Does the Lie-Trotter product formula generalize to more than two matrices? I.e.,
$e^{A+B+C} = \lim_{k \to \infty} \left( e^{\frac{A}k} e^{\frac{B}k} e^{\frac{C}k} \right)^k$ ?
Does the Lie-Trotter product formula generalize to more than two matrices?
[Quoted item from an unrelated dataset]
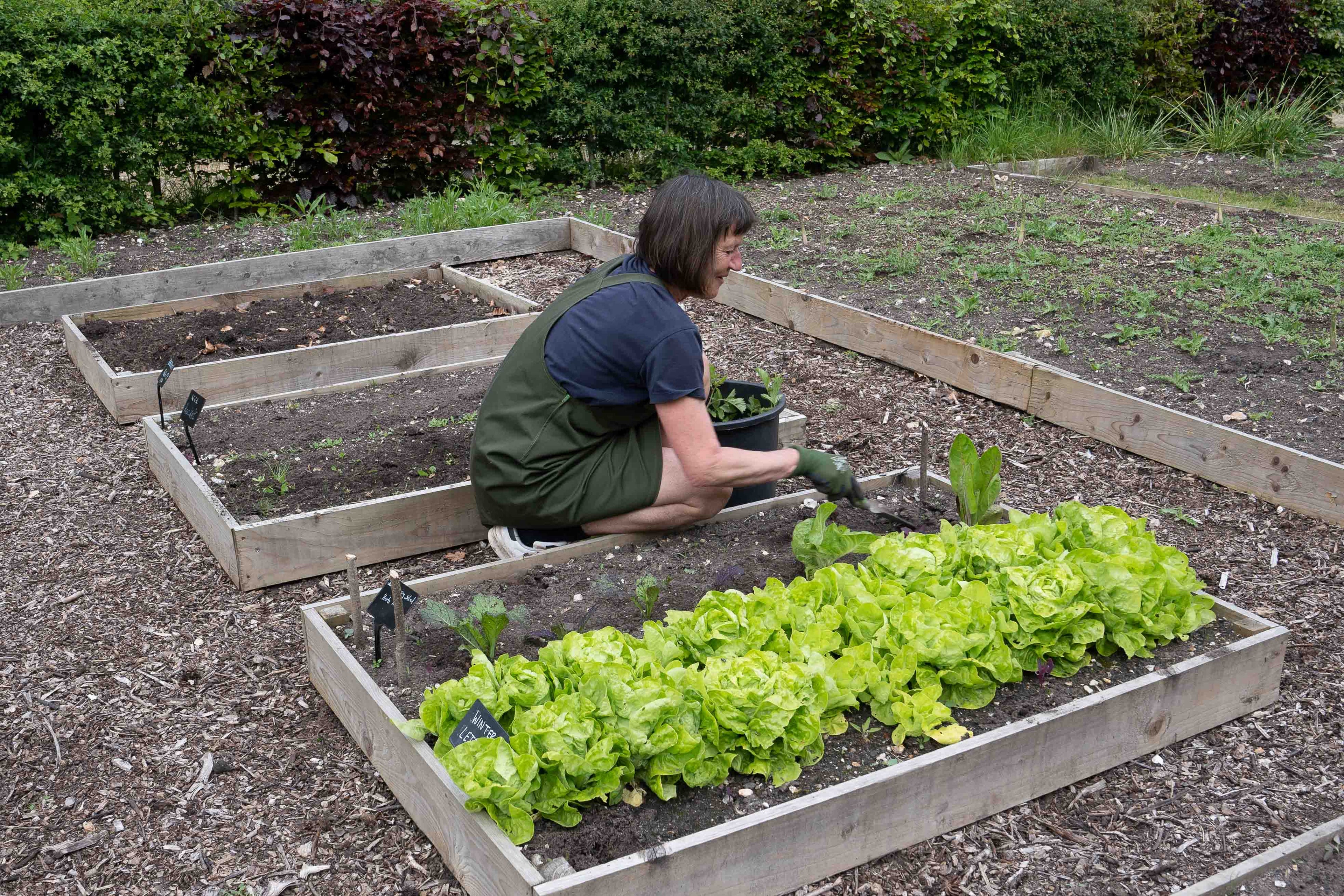 Woman volunteering at Carey’s, digging in the vegetable patch, contributing to the garden’s growth and enjoying hands-on work in the vibrant, sustainable garden.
I.e.,
$e^{A+B+C} = \lim_{k \to \infty} \left( e^{\frac{A}k} e^{\frac{B}k} e^{\frac{C}k} \right)^k$ ?
The proof is from Theorem 2.11, Lie groups, Lie algebras, and representations, by Hall, 2015.
Proof: $e^{A/n}e^{B/n}=I+(A+B)/n+O(1/n^2)$, so $D_n:=\log(e^{A/n}e^{B/n})=(A+B)/n+O(1/n^2)$. Then $e^{A/n}e^{B/n}e^{C/n}=e^{D_n}e^{C/n}=e^{D_n+C/n+O(1/n^2)}$. Therefore, $(e^{A/n}e^{B/n}e^{C/n})^n=e^{nD_n+C+O(1/n)}=e^{A+B+C+O(1/n)}$.